Sesungguhnya, aku memulai kisah ini sejak lama. Entah tujuh atau enam tahun lalu. Hanya gara-gara kau menjadi imam sholat magrib petang itu. Sungguh, kala itu, aku langsung menanyakan apakah kiranya imam bersuara lembut itu sudah menikah. Dan ya, kala itu pun kau sudah beristri. Maka, kisah itu kupikir telah kututup rapat.

Pada tahun berikutnya sesungguhnya kau dan aku pernah mengerjakan proyek bersama. Interaksi kala itu sepertinya terbatas hingga aku hanya seperlunya saja denganmu.
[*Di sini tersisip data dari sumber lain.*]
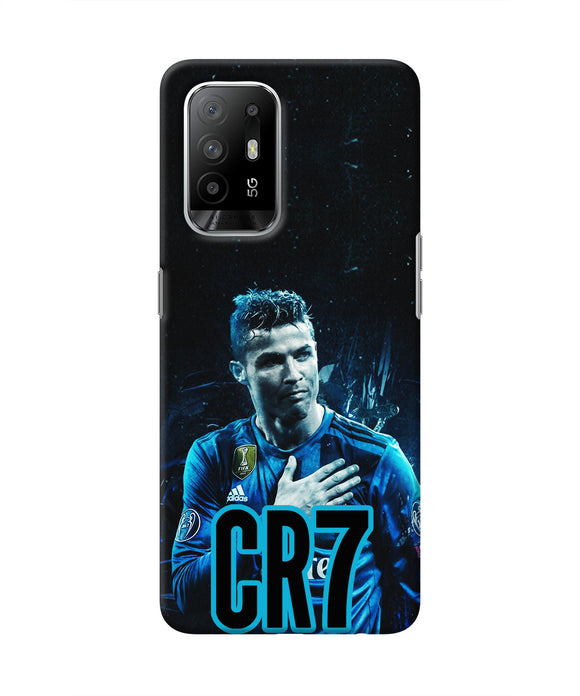 Christiano Ronaldo Oppo F19 Pro+ Real 4D Back Cover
Tentu saja karena aku tahu; engkau berpunya. 

Hanya saja hal berbeda dimulai pada akhir tahun lalu. Pada proyek sama yang selalu kita koordinasikan bersama, entah sejak kapan perasaan itu muncul. Apakah ketika hampir tengah malam itu kala kau menghentikan langkahku di kegelapan meminta untuk berjalan bersama? Atau kala kau menunjukkan jalan menuju pasar swalayan kala waktu istirahat di sebuah lokakarya? Atau kala kau menendang kecil kursiku untuk memastikan angka yang tepat untuk proyek yang kita kerjakan? Atau ketika aku menemukan bahwa kau melakukan check in online hanya untukku meski ada dua orang lainnya pada kode booking yang sama?
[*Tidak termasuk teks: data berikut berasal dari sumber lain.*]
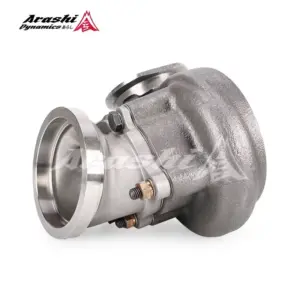 Arashi 5-pulttinen → V-band -turboahtimen ulostulon adapteri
Di antara alasan-alasan itu, sesungguhnya hatiku jatuh padamu dalam perbincangan kala sarapan pagi. Deretan alasan-alasan di atas hanyalah kunci-kunci yang membuka pintu pertahananku-yang kupikir sudah terkunci dengan seribu kunci.

Tahukah engkau bahwa sarapan pagi itu mengubah segala cara pandangku tentangmu? Kau tidak sedang berpidato, tapi kau mendulang seorang pengagum; aku. 

Tahukah engkau waktu sarapan pagi itu, kala engkau berbicara dan mataku menatapmu lekat, dalam hatiku sesungguhnya berujar, "Tuhan, jika aku diminta mendeskripsikan seperti apa lelaki yang kumau? Maka ia-lah orangnya". Padahal engkau sedang bertukar pikiran, bukan sedang berorasi. Pun tidak sedang mempromosikan dirimu.

Kau sungguh berbahaya. Pada detik itu, aku terlena. Kau genggam hatiku tanpa kau tahu.

Pada kekagumanku untuk lelaki lain, tak kuletakkan hatiku di sana. Bagaimana bisa meletakkkan hati yang sudah kuserahkan dalam genggamanmu? Maka, ketika engkau menyampaikan pesan langsung malam itu; hatiku sedikit bersorak. Ya, karena aku memang menginginkannya. Jika kau tahu, bahwa tujuan utamaku membagikan video itu bukan untuk memuja lelaki yang santun itu, namun untuk mengujimu. Selicik itu diriku untuk mengetahui perasaanmu.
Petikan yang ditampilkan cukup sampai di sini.